◆ **ACTIVITY**
Would you transcribe the lines running from the one that holds "La manifestación del" to the last line of the records? Leave every picture out.

◆ **THE DATA**
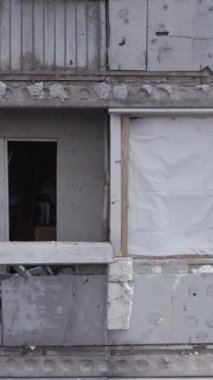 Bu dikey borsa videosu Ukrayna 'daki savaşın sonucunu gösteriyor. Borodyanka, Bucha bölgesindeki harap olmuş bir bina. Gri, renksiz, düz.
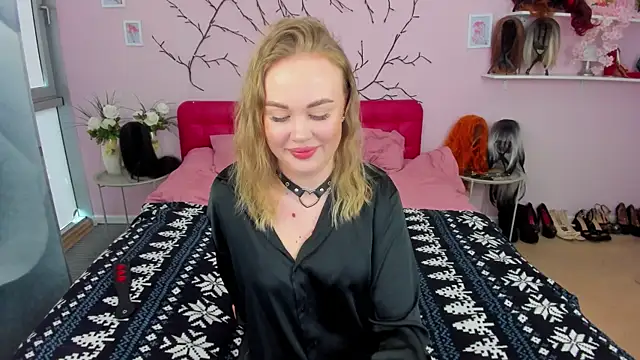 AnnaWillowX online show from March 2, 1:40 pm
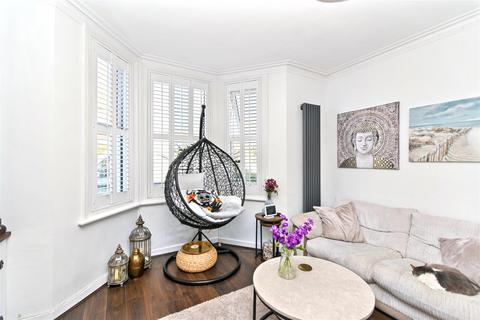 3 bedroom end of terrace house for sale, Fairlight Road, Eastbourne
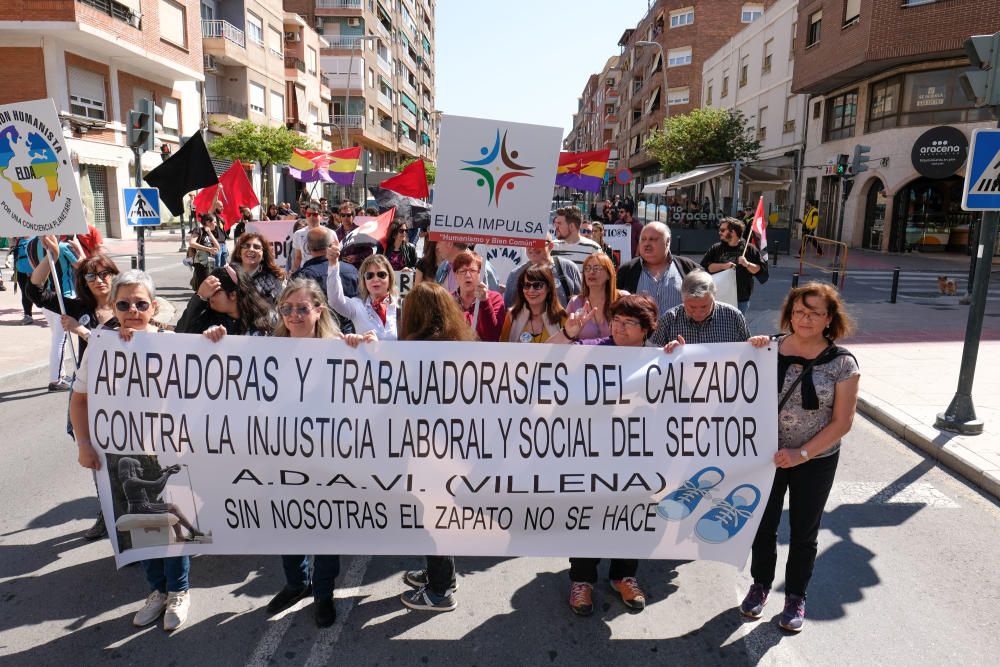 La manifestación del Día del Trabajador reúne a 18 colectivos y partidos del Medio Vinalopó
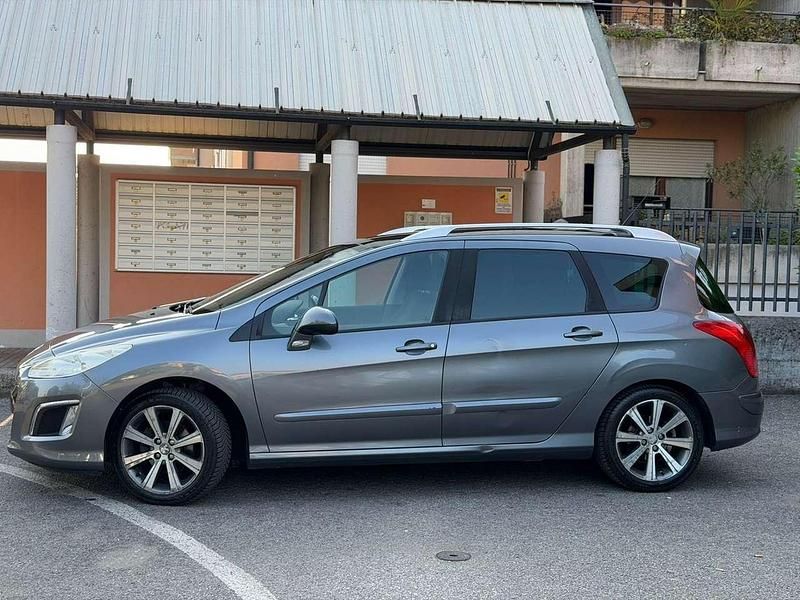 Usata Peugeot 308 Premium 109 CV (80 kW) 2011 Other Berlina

◆ **WRITTEN RESPONSE**
 La manifestación del Día del Trabajador reúne a 18 colectivos y partidos del Medio Vinalopó
 Usata Peugeot 308 Premium 109 CV (80 kW) 2011 Other Berlina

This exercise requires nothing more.